Und dann ging er. Das machte Delaiah immer. Gehen.

Ich konnte es nicht zurück halten. Ich musste weinen. Ab meiner eigenen Dummheit. Ab der Erkenntnis, dass Delaiah irgendwie recht hatte und deswegen, weil er mir trotzdem wahnsinnig weh gemacht hatte. Dass er mir mehr Schmerzen bereitet hatte, als nötig gewesen wäre. Es fiel mir nicht leicht, mich zusammenzureissen, doch mir blieb keine Wahl. Ich kehrte nach einem kurzen Besuch der Mädchentoilette zurück ins Klassenzimmer und versuchte zu meinem eigenen Schutz den wütenden Delaiah rechts von mir auszublenden so gut es ging.

Die Stunde erschien mir endlos und qualvoll. Immer wieder kam die Trauer in mir auf. Ich warf nun alles mir selber vor. Ich war Schuld an allem und das Beste war immer noch, dass ich durch meine eigene Schuld extrem gelitten hatte.

Und als mich der Lehrer aufrief und von mir verlangte eine Seite vorzulesen, war fast mein Herz aus Schock stehen geblieben. Und ich glaube, meine Klasse bemerkte, dass meine Stimme zitterte und dass es mir nicht gut ging. Das einzige Gute daran war, dass mich Agnes heute zum ersten Mal ansah.

Und dann, endlich, war es vorbei. Feierabend. Es klingelte und alle packten ihr Zeug ein und verliessen das Klassenzimmer. Delaiah war natürlich der erste, der draussen auf dem Gang war.

,,Yuri!“

Er stand am Haupteingang mit Vincent und sah überrascht auf, als er mich kommen sah. Besorgt betrachtete er mich. Es war wohl auch ihm aufgefallen, dass ich geweint hatte. Er verabschiedete sich von Vincent und wandte sich an mich.

,,Hey Nance. Ist…alles okay?“, fragte er vorsichtig. Ich zwang mich zu einem Lächeln und nickte heftig.
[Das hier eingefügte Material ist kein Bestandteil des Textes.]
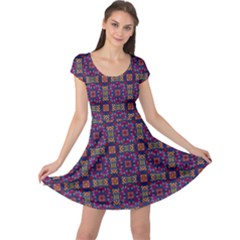 Tile Pattern Background Image Purple Cap Sleeve Dress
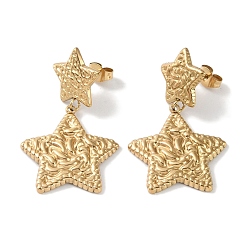 Настоящее золото 18K Текстурная звезда 304 серьги с подвесками из нержавеющей стали, серьги-гвоздики для женщин, реальный 18 k позолоченный, 37x22.5 мм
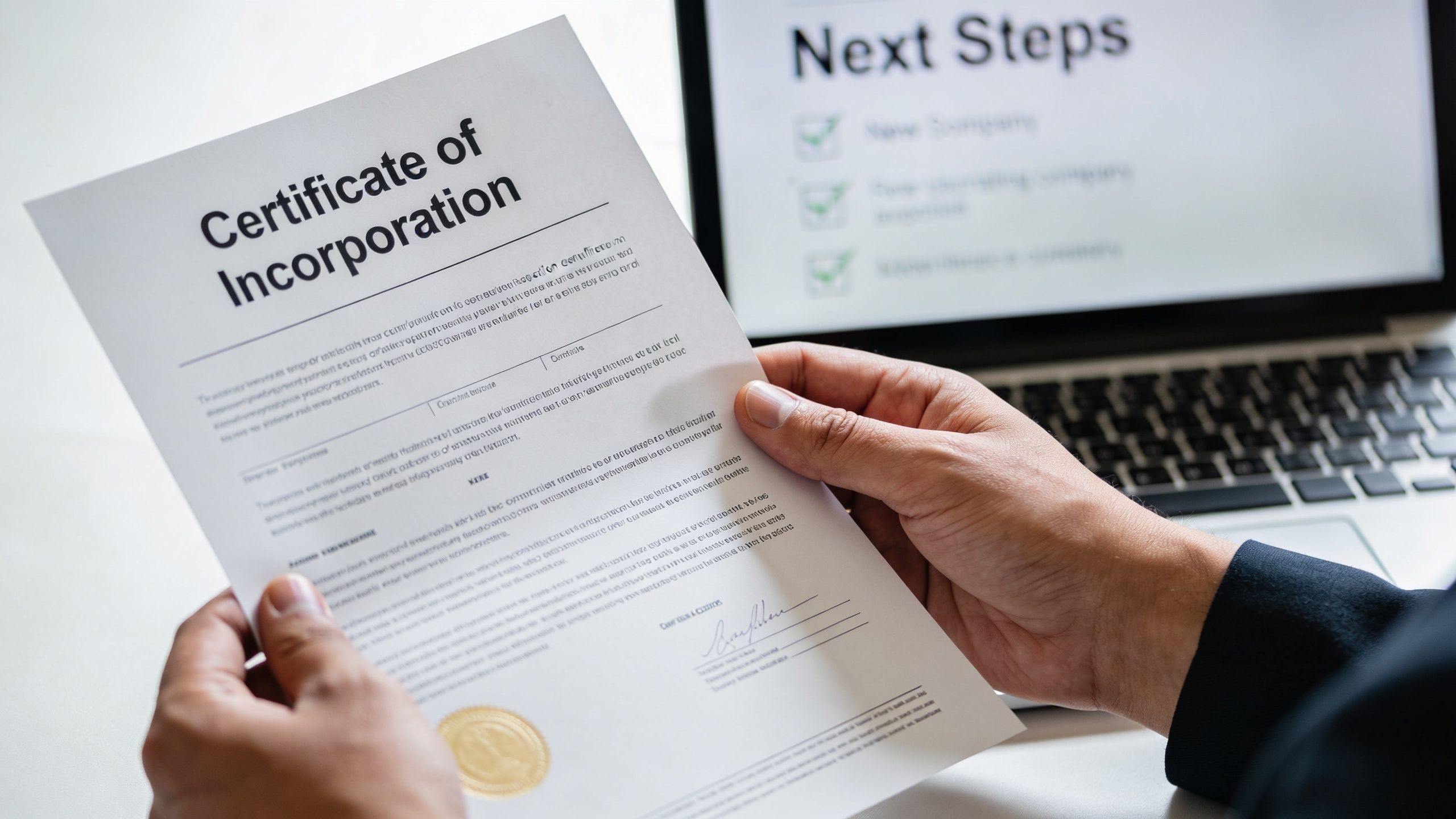 A person in a business suit holding a Certificate of Incorporation document in front of a laptop.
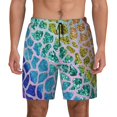 thumbnail image 1 of Kdxio Rainbow Glitter Print Men's Swim Trunks with Compression Liner 7 Inch Inseam Quick Dry Swim Shorts, 1 of 5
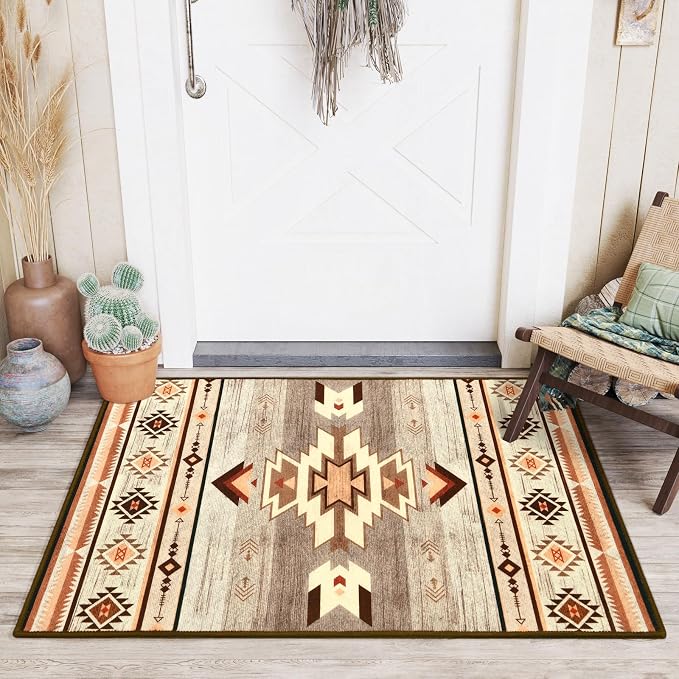 BENRON Western Entryway Rug 2x3, Small Area Rugs for Kitchen, Warm Beige | Southwest aztec Rug,Throw Rugs for Hallway Porch Front Door Washable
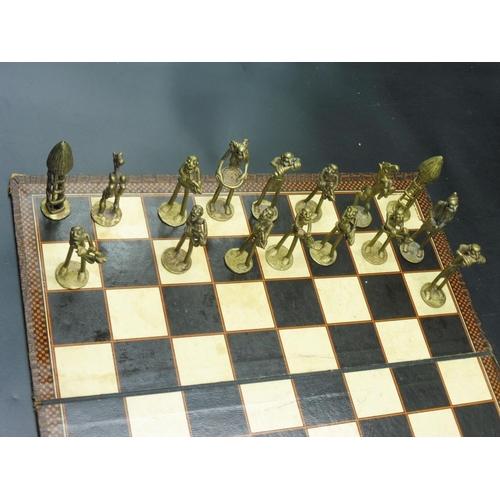 20 - Tribal Metal Chess Set complete with Board (1 Piece Missing)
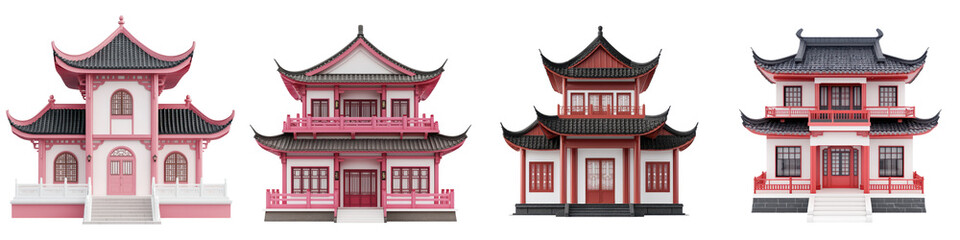 Naklejka premium Ornate Colorful Chinese Pagoda Architecture with Intricate Roofs and Facades Traditional Oriental Asian Temple Landmark in Historic Heritage Site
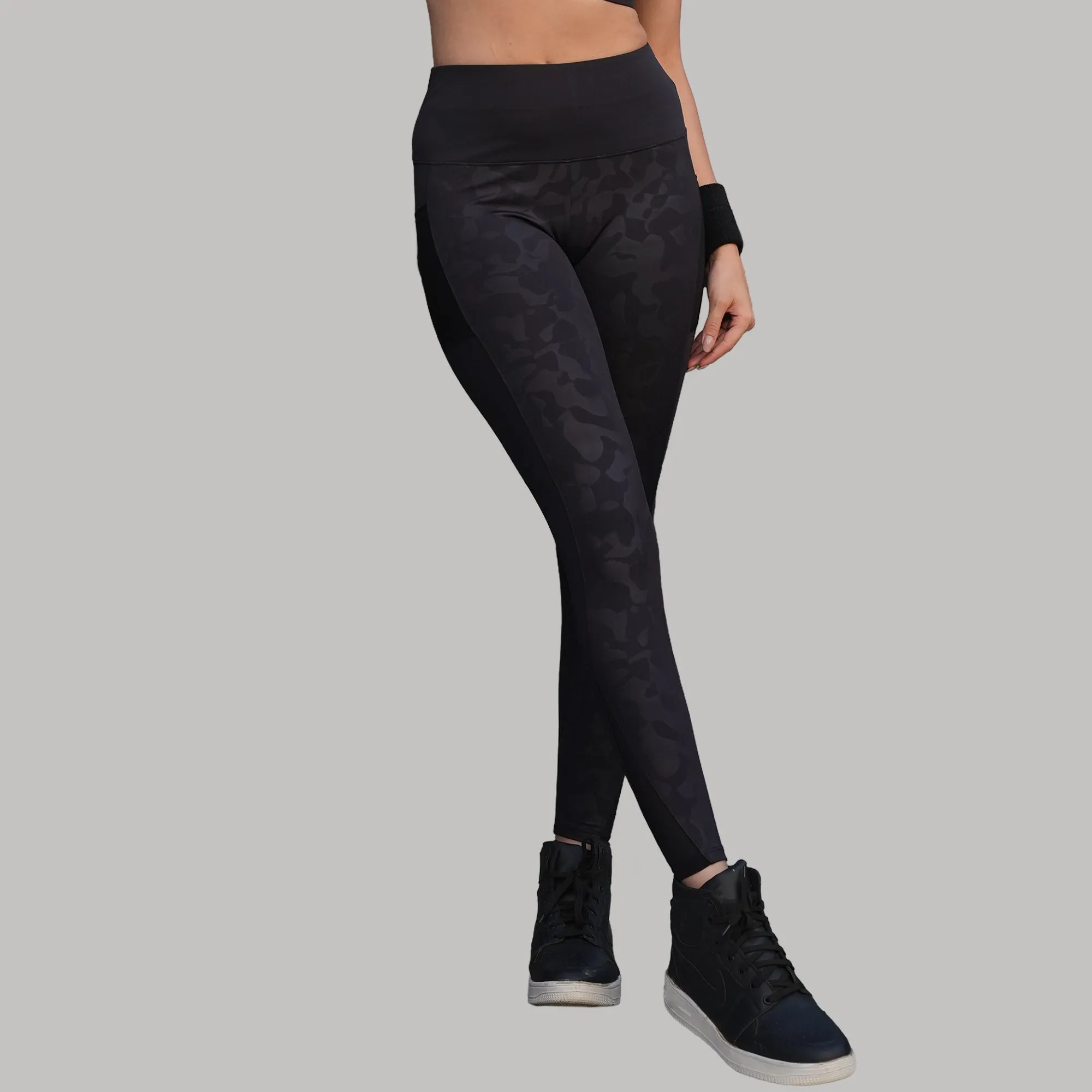 High-Waist Ankle-Length Comprassion Quick Dry Embossed Sports Leggings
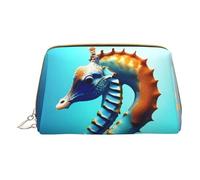 Seabed Coral Seahorse - Bolsa de cosméticos portátil y bolsa de cosméticos de viaje, unisex, cierre de cremallera, adecuada para uso diario, White, Talla única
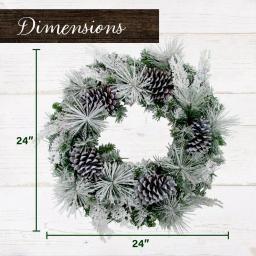 Fraser Hill Farm 24 in. Artificial Christmas Wreath with Oversized Pinecones and Flocked Snow thumbnail 2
,,Ich wollte dir nur noch schnell was geben…“

Jetzt grinste er. ,,Oh, was denn, Nance?“

Stumm hielt ich ihm sein Skizzenbuch unter die Nase. Jetzt war es mir gerade ziemlich egal wie er reagierte, mir ging es eh schon schlecht genug.

Zögernd nahm er es in seine Hände und schlug die erste Seite auf, als ob er erst prüfen wollte, dass es wirklich seins war.

Dann sah er zu mir auf. Seine grauen Augen waren gross und auf mich gerichtet.

Keine Verlegenheit.

Keine Scham.

In den Mundwinkel Yuris kräuselte sich ein keckes breites Grinsen.

,,Es ist das erste Mal, dass du es gesehen hast, stimmts?“, sagte er und es war so unerwartet.

Überrascht betrachtete ich ihn.

,,Ja.“

,,Wird auch langsam Zeit, dass du merkst, dass ich was für dich übrig habe.“ Er lächelte und packte das Skizzenbuch ein. Ich sah bestimmt aus, als wäre ich aus allen Wolken gefallen.

,,Herzlich Willkommen in der echten Welt, Nance!“ Und mit diesen Worten verabschiedete er sich und ging. Gut gelaunt und breit grinsend.